Unfortunately, a continual rise in anabolic hormones triggers counteractive mechanisms to maintain the body's present state. This drawback is effectively accomplished by the representative catabolic hormone, cortisol. Though it may increase the mobilization of free fatty acids, this effect is largely overshadowed by its protein breakdown activity. With cortisol, which is released under physical and emotional stress, amino acids are burned for energy instead of utilized for growth. This increases the likelihood of muscular atrophy in the face of strenuous exercise, which for some is a free ticket to insanity. In the long term, excessively high cortisol levels can even diminish physical health.

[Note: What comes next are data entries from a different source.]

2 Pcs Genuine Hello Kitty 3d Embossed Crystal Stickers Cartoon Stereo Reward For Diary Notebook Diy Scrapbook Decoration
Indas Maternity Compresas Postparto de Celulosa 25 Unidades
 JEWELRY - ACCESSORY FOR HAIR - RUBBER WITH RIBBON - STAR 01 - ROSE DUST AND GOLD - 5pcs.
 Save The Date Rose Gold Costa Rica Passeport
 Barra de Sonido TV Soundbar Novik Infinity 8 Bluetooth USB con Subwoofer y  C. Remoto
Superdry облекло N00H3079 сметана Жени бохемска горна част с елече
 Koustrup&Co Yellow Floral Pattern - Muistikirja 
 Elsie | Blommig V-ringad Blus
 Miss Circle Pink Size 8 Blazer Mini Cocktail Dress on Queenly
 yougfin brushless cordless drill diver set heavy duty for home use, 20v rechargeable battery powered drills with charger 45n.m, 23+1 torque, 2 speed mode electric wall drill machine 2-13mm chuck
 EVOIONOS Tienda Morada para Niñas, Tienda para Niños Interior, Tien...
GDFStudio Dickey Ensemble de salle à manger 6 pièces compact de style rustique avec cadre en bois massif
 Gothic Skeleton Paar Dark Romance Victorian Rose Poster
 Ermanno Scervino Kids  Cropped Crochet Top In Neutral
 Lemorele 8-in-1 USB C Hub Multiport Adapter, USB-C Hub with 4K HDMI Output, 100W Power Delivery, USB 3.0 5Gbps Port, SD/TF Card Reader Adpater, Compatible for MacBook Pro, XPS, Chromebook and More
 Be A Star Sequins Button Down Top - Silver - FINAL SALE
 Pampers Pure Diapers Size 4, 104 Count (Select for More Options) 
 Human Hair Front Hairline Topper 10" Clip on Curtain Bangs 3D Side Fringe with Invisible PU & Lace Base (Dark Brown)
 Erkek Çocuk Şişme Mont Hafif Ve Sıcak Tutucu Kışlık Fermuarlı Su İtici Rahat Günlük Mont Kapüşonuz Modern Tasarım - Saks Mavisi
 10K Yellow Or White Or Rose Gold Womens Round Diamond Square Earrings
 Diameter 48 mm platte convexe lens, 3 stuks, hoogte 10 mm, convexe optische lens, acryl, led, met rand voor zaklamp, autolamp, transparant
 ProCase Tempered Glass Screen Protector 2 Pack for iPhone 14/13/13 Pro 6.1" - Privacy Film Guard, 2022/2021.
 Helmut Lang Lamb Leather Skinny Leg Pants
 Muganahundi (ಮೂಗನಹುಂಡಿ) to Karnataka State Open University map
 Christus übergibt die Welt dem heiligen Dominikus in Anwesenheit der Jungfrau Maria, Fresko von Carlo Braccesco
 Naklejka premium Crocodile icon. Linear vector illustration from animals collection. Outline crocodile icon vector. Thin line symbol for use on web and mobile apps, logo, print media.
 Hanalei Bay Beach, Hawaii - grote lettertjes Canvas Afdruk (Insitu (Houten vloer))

Unleashing the Hormonal Arsenal
It is never too late to take advantage of the benefits of the preceding hormones. With effort comes progress, and with progress comes motivation. Initiating an exercise program and adhering to it are very difficult without proper planning and goals, but it soon becomes instinctive as obstacles are surmounted and character is elevated. With adequate knowledge of how hormonal monopoly is achieved, the keys to the internal framework are revealed and mastery is gained.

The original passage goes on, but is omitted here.